Quote from: Rob Strand on November 18, 2020, 06:22:35 PM
QuoteThat is quite intriguing.
How do the diodes have their response beyond 1.0V? Do they converge?
No, the softer diodes then start to produce a higher output.   The easy way to think about it is the soft diodes squash less.   Once two diodes hit the same point on the VI curve the softer one will continue to rise whereas the hard one will stay flat.

On the 1V DC curve, you can see the soft diode has a *higher* slope (around the point 1V in 600mV out) than hard diode so by extending the line the soft diode will rise-up more.
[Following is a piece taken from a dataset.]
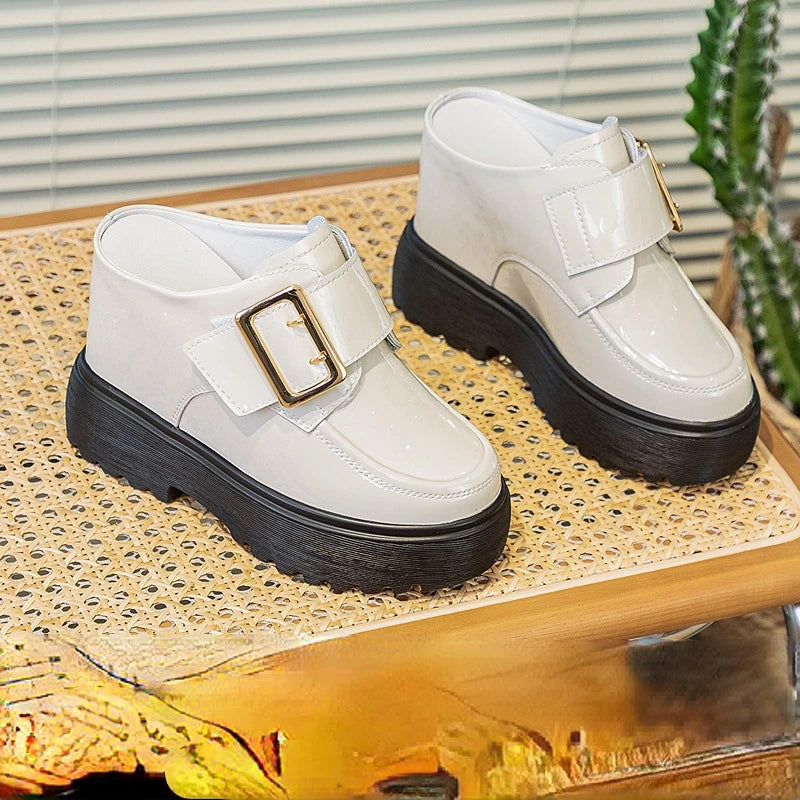 Fujin 11cm Genuine Leather Fashion Walking Height Increasing Loafers Ladies Casual Platform Wedge Women Slip on Shoes Slippers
QuoteThe "softest one" almost looks like a schottky with some extra resistance in series or a high treshold germanium.
It's definitely around that zone.

If I get time, I'll try show tweaking the slope with resistances isn't the same as having a diode which has the lower slope.   The slope the eye sees has the same problems as the knee the eye sees.    There is only a fixed slope because of the scale it is drawn on.  If you draw the curves on different scales you get different slopes.   For a reasonable upper limit in currents, the diode curves are always curving whereas with resistors the slope levels off.   The curvature is what produces the upper harmonics.    Especially the nasty harmonics which are far away in frequency from the fundamental.   A resistor will not produce harmonics.   If your guitar signal is 200Hz and the harmonics are 4kHz  that's a lot of harmonics away and only curvature can produce that.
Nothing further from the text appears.